Nos contó al vuelo que nadie lo había llevado a rehabilitarse, él solito se fue
luego de una buena horneada en la que fumó, aspiró y hasta se inyectó algo. Ese
día conoció a la mujer con el cuerpo más infartante que en su farmaceútica puta
vida hubiese visto. Incapacitado para contenerse, Paquito se le acercó, la
abrazó y luego de algunos besos —y estimo que luego de algunas lágrimas de
Paquito, que en esto de llorar era una Magdalena— se fueron a un hotel, donde,
al día siguiente, y presa de un agudo dolor rectal (esa fue su descripción del
caso), Paquito descubrió que la chica era en realidad un barbado muchacho que
yacía calato y tendido junto a él.
—¡Y
el tipo tenía una vainaza! —narró atormentado Paquito.
Fue
luego de ese encuentro, nos refirió, que decidió dejar las drogas. Esa misma
tarde sin siquiera llevar una maleta de mano se fue a un centro de
rehabilitación. Apenas entrado al local comprobó que había cometido un nuevo
error, vio que en nombre de Cristo a los drogadictos los golpeaban por sus
pecados, que los amarraban para evitar que se hicieran daño, y que a cada
instante les decían que ya que habían vivido en medio de la basura de la droga,
ahí merecían estar y les tiraban encima los desperdicios del día.
Paquito,
que como ya dije no podía contenerse, les reclamó airadamente, les dijo que los
drogadictos eran enfermos, y que si bien habían cometido errores, habían pagado
para entrar a ese lugar, que no eran delincuentes para ser tratados de esa
forma y que tenían todos sus derechos ciudadanos íntegros, que si volvían a
maltratar a un adicto él mismo los denunciaría por abuso de autoridad y mala praxis.

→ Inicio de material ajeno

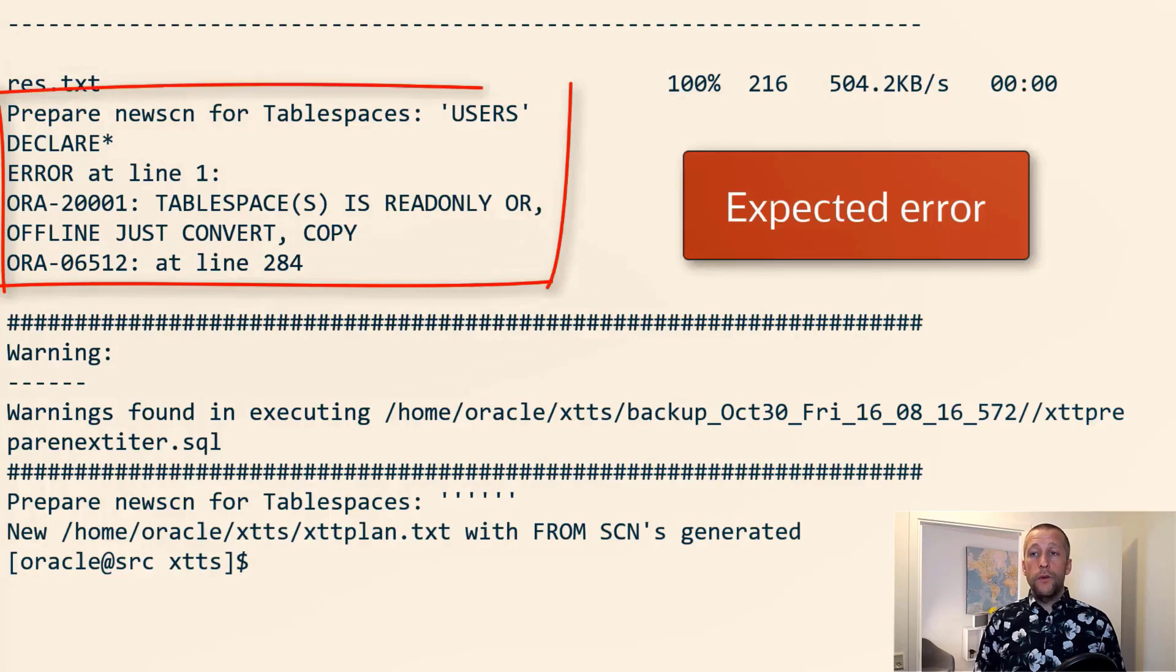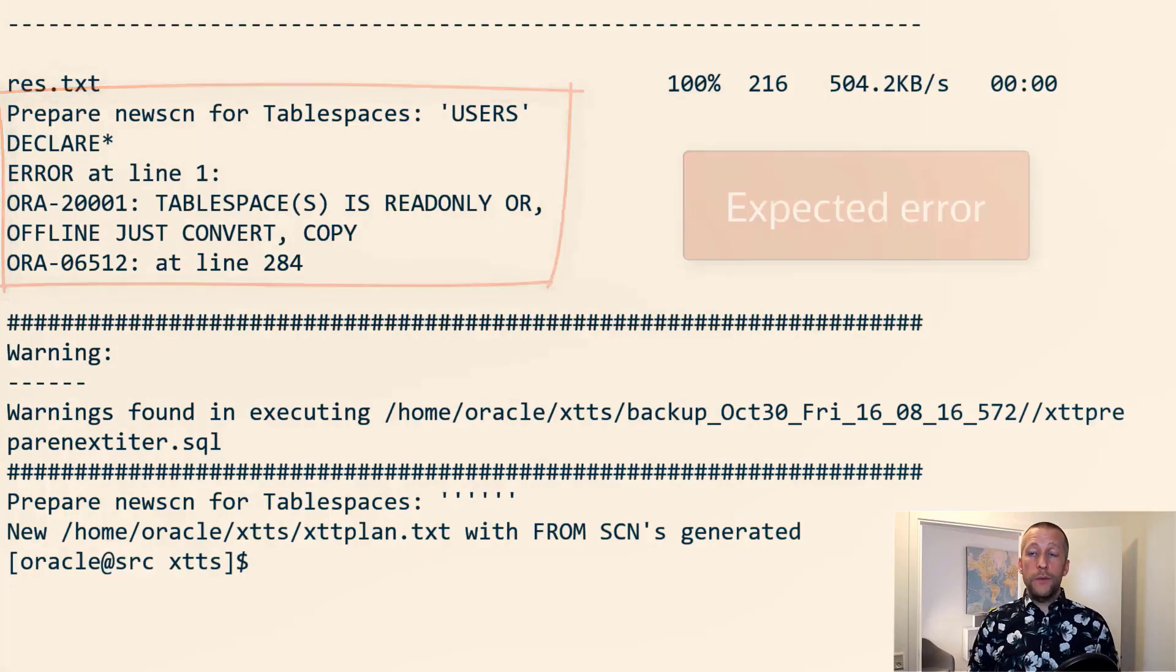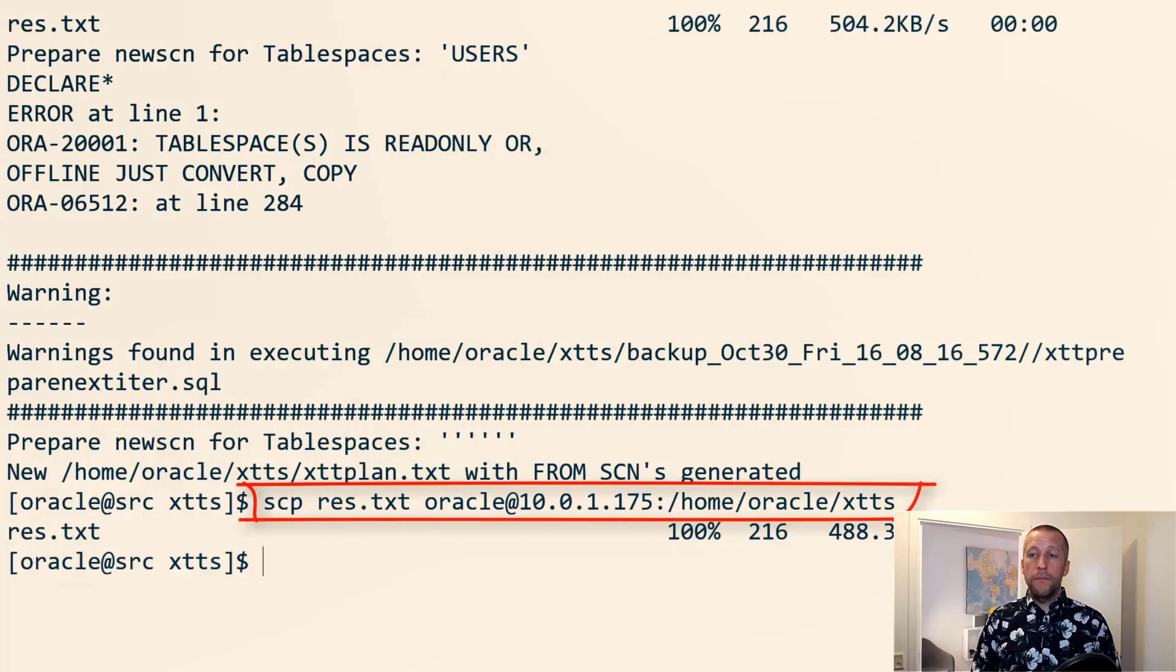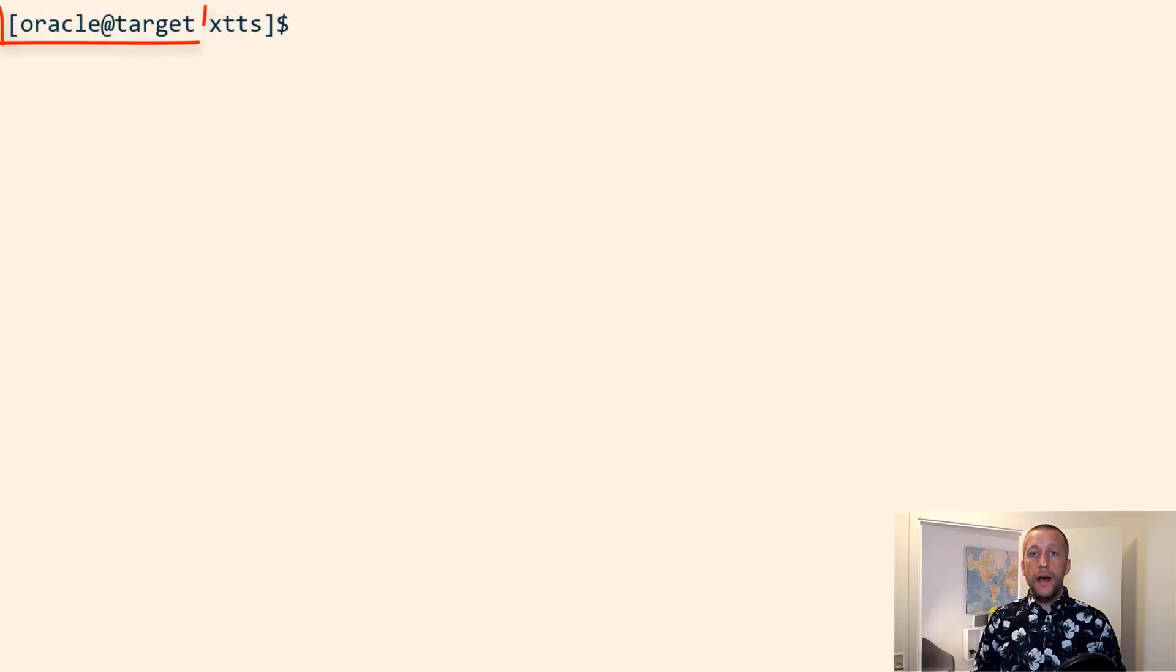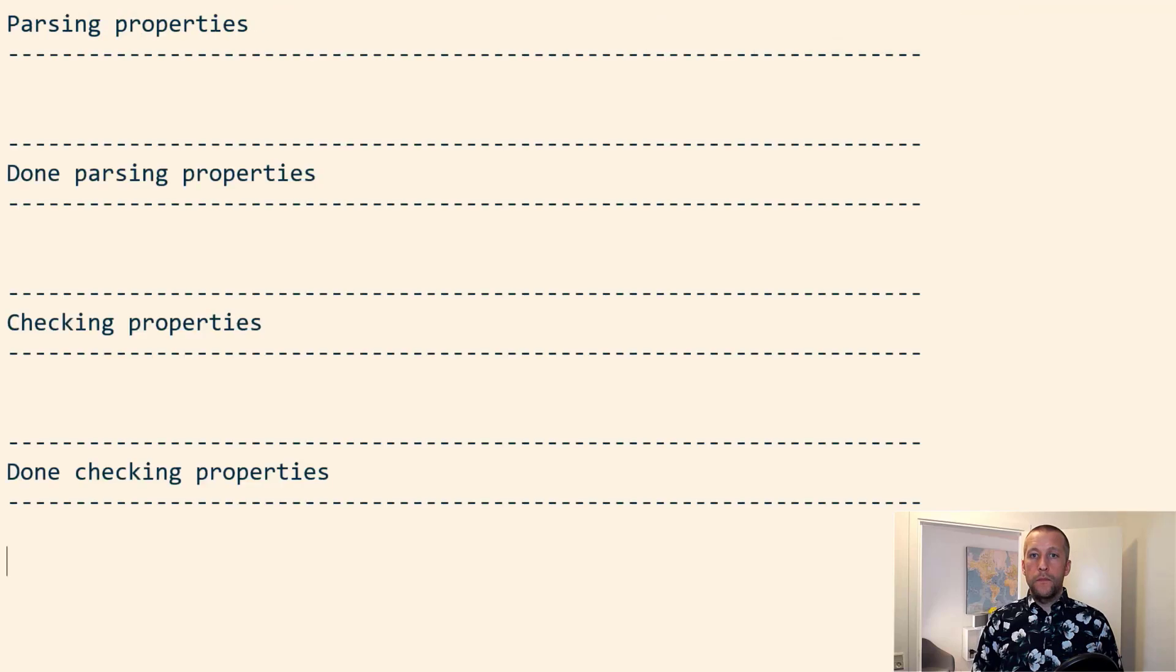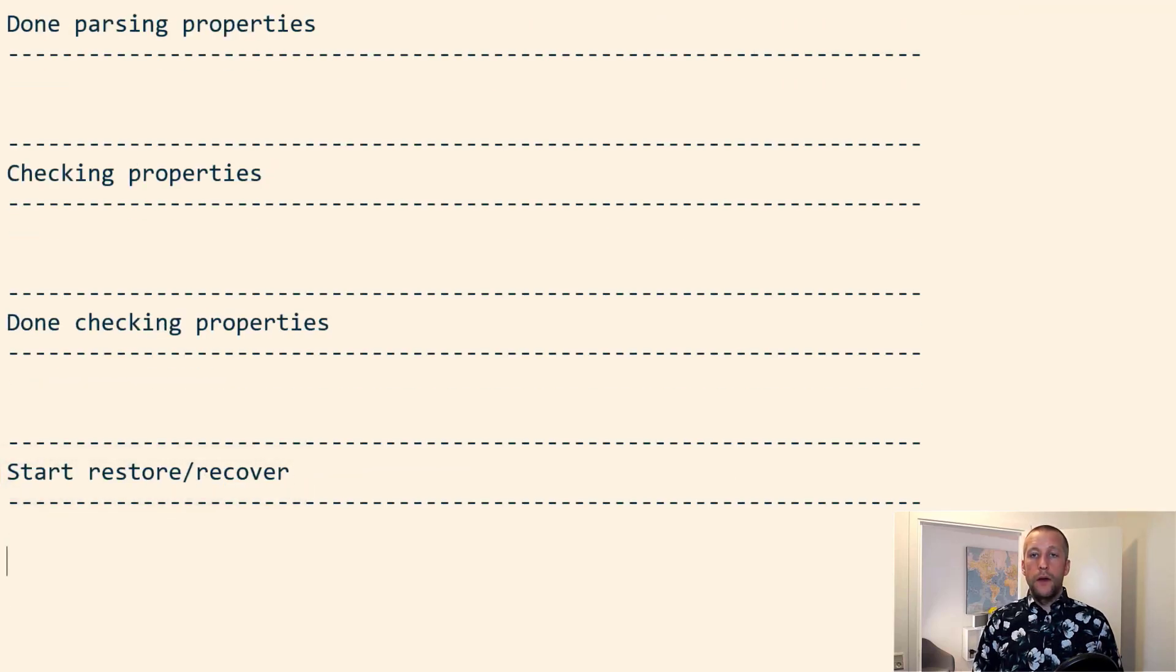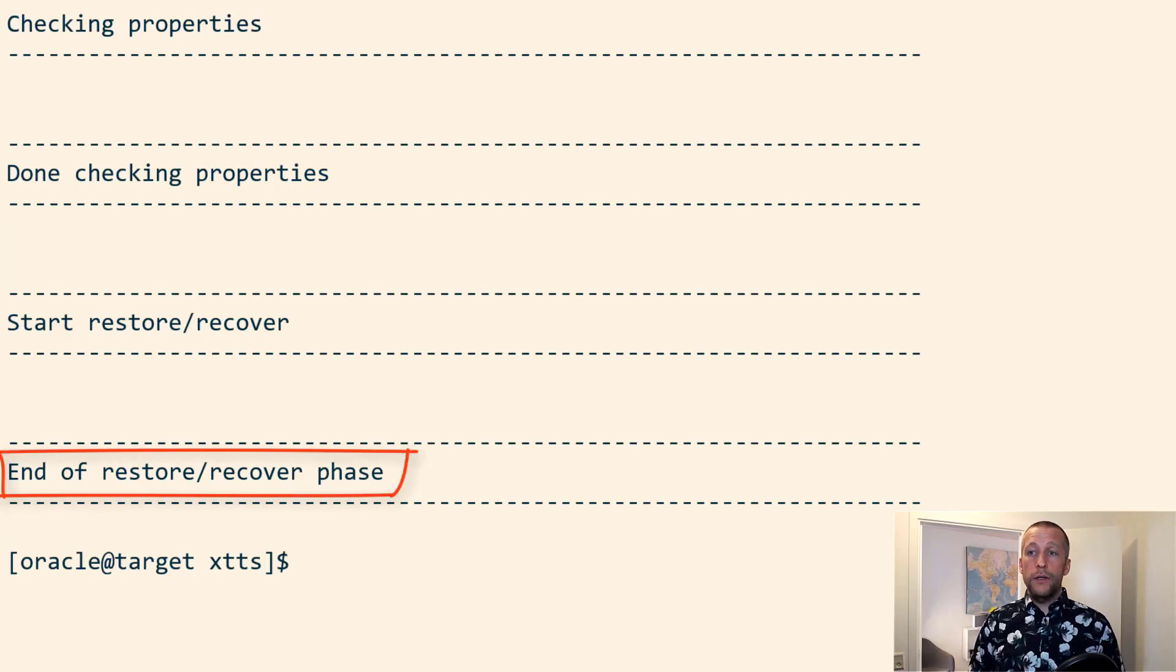This warning is intended. It complains that the data tablespace is read only, but that's okay. I copy that little res.txt file. And now on the target system, I can restore. And that's it. The data file has now been fully restored.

El resultado fue que a las dos noches dieron de alta a Paquito, le dijeron que
estaba curado y que no volviera por ahí. Paquito salió de allí jurando vengarse
y preocupado por su futuro.
Una
vez fuera recurrió a su familia, nos dijo que lo internaron en una clínica, que
en ese lugar empezó a ejercitarse y que al salir aprendió a vivir poniéndose
metas breves muy breves, metas como que en la siguiente hora no se drogaría.
—Uno
aprende —aseveró muy tranquilo Paquito— que no puede trazarse metas irreales
como decir: ya nunca me drogaré, o este mes no me drogaré, o esta semana no me
drogaré, o esté día no me drogaré. A veces, incluso, una hora es mucho para mí.
Esa
fue la última vez que vimos a Paquito, se despidió, dijo que iba a clases.
Caminaba despacio, por la rampa como todos, aunque su mano deslizándose por la
cornisa parecía recordar su vieja vida al borde del vacío.